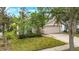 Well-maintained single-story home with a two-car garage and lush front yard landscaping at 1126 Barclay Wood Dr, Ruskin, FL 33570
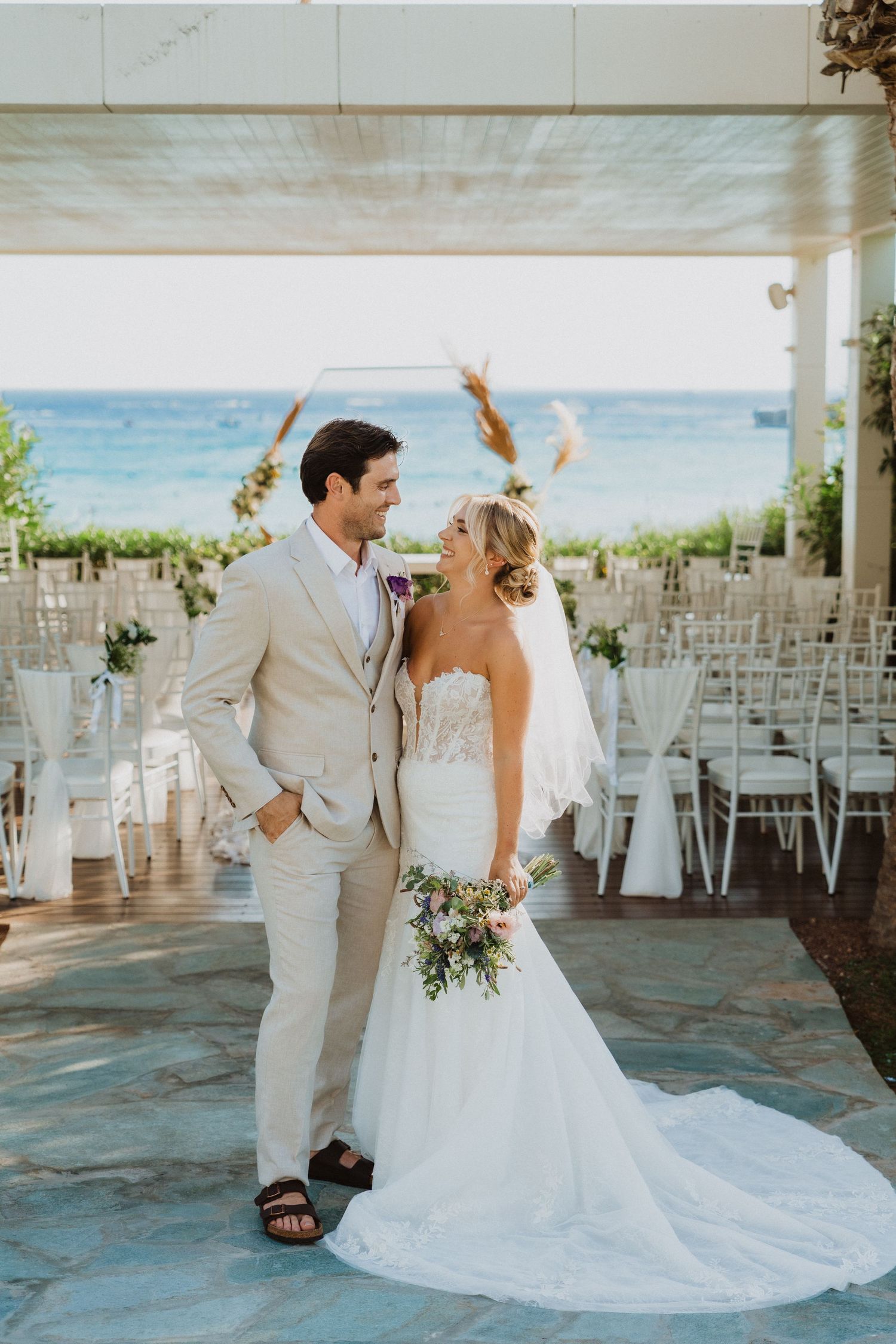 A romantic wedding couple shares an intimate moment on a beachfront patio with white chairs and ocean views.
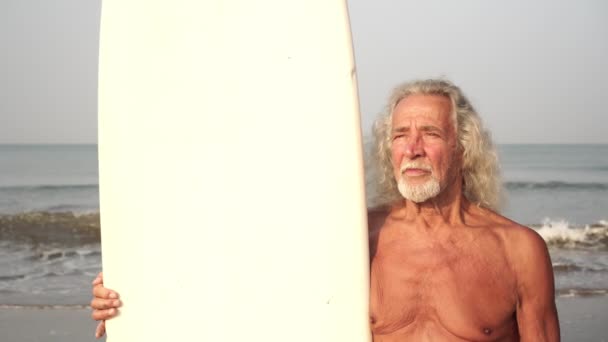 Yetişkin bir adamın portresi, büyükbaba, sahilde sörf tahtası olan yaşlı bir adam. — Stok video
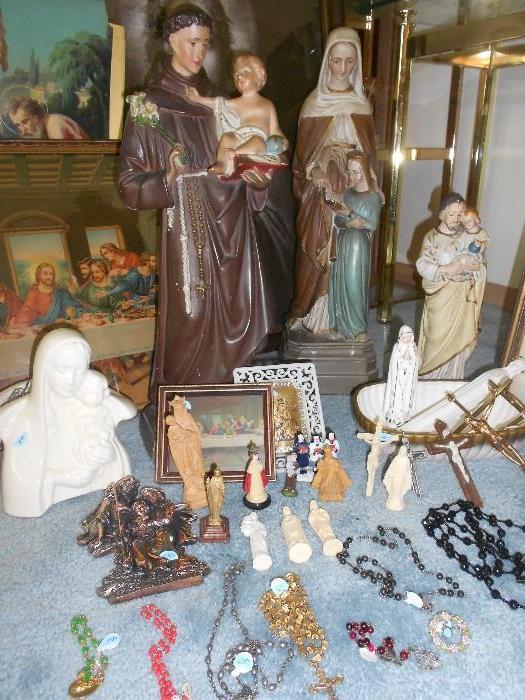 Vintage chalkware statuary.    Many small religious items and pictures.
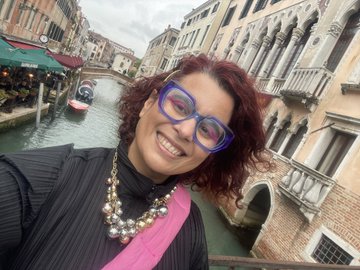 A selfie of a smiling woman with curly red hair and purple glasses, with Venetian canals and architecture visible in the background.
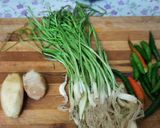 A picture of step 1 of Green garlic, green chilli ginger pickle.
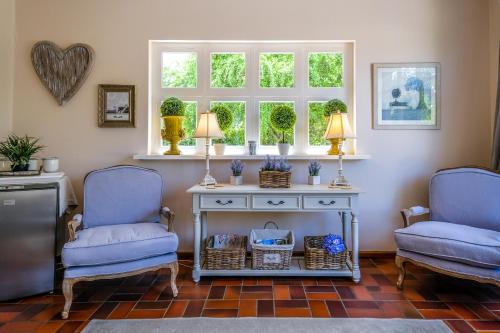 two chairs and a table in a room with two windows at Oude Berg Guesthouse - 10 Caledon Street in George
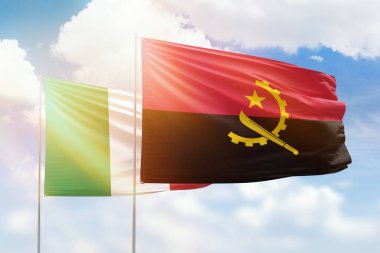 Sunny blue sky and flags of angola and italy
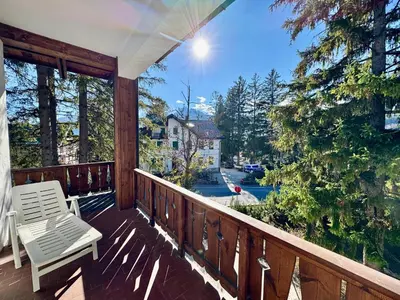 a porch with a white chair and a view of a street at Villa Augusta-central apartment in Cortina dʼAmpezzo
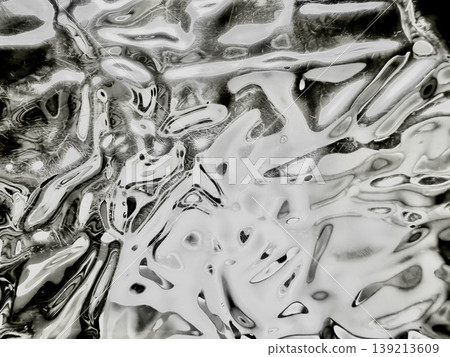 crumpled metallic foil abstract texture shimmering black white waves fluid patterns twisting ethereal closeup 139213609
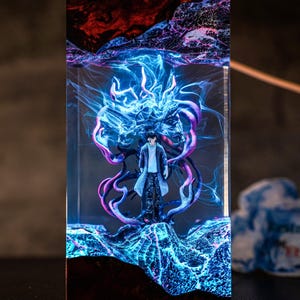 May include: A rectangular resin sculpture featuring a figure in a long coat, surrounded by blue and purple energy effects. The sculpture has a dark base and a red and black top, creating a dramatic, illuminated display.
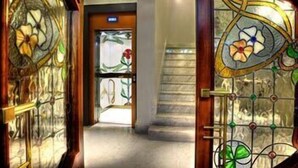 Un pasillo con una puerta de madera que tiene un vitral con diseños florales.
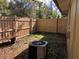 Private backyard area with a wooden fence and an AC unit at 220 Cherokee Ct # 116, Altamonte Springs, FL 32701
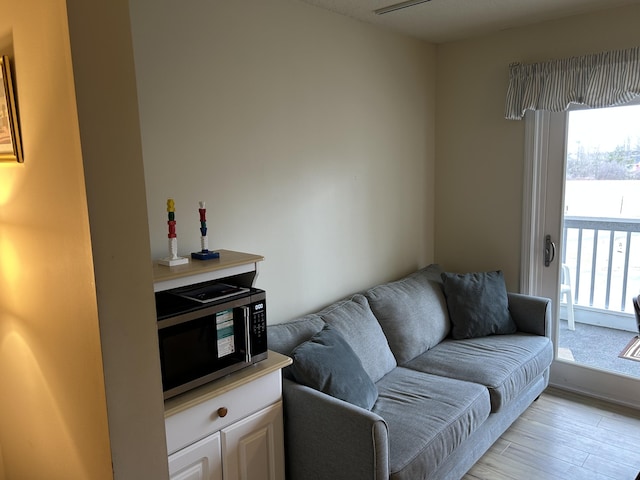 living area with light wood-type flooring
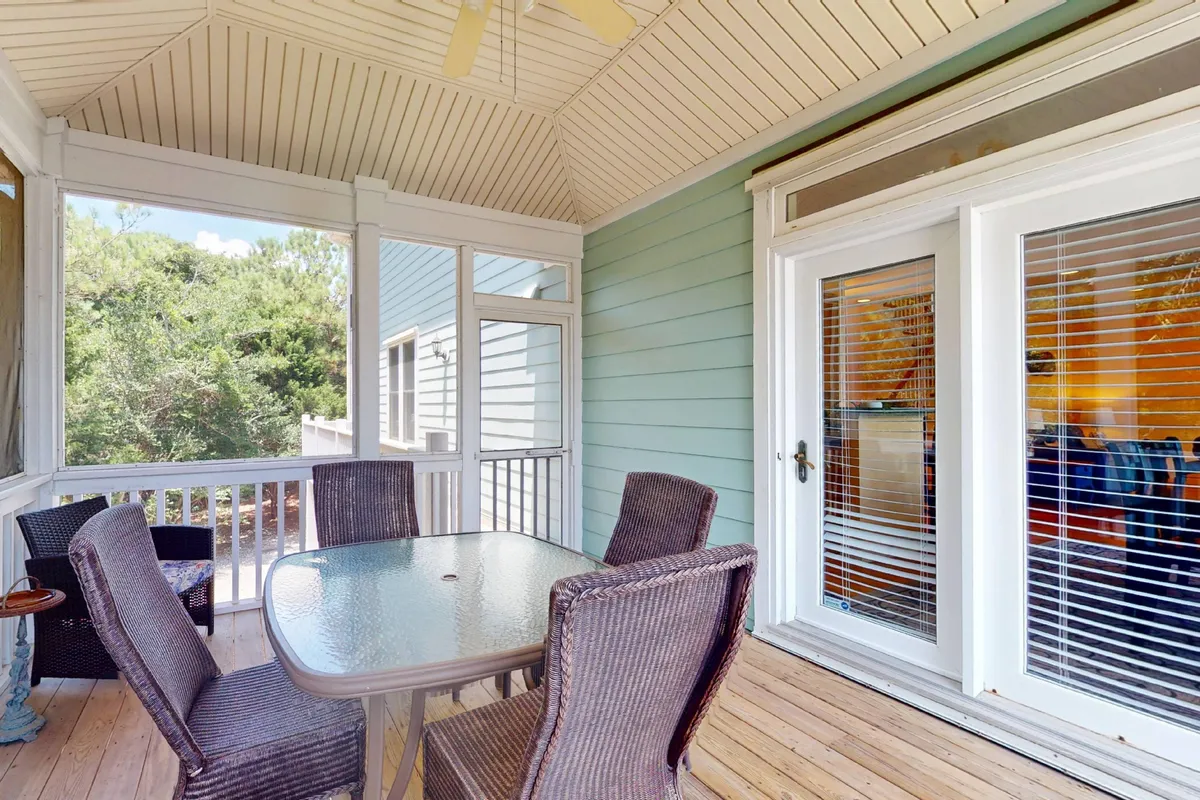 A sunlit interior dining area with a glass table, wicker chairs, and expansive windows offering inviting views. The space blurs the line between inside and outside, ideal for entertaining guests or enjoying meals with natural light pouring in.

==*==

#### PROBLEM TO SOLVE:
What is needed is a verbatim copy of every entry, with the pictures omitted.

#### RESULT OF THIS EXERCISE:
 Well-maintained single-story home with a two-car garage and lush front yard landscaping at 1126 Barclay Wood Dr, Ruskin, FL 33570
 A romantic wedding couple shares an intimate moment on a beachfront patio with white chairs and ocean views.
 Yetişkin bir adamın portresi, büyükbaba, sahilde sörf tahtası olan yaşlı bir adam. — Stok video
 Vintage chalkware statuary.    Many small religious items and pictures.
 A selfie of a smiling woman with curly red hair and purple glasses, with Venetian canals and architecture visible in the background.
 A picture of step 1 of Green garlic, green chilli ginger pickle.
 two chairs and a table in a room with two windows at Oude Berg Guesthouse - 10 Caledon Street in George
 Sunny blue sky and flags of angola and italy
 a porch with a white chair and a view of a street at Villa Augusta-central apartment in Cortina dʼAmpezzo
 crumpled metallic foil abstract texture shimmering black white waves fluid patterns twisting ethereal closeup 139213609
 May include: A rectangular resin sculpture featuring a figure in a long coat, surrounded by blue and purple energy effects. The sculpture has a dark base and a red and black top, creating a dramatic, illuminated display.
 Un pasillo con una puerta de madera que tiene un vitral con diseños florales.
 Private backyard area with a wooden fence and an AC unit at 220 Cherokee Ct # 116, Altamonte Springs, FL 32701
 living area with light wood-type flooring
 A sunlit interior dining area with a glass table, wicker chairs, and expansive windows offering inviting views. The space blurs the line between inside and outside, ideal for entertaining guests or enjoying meals with natural light pouring in.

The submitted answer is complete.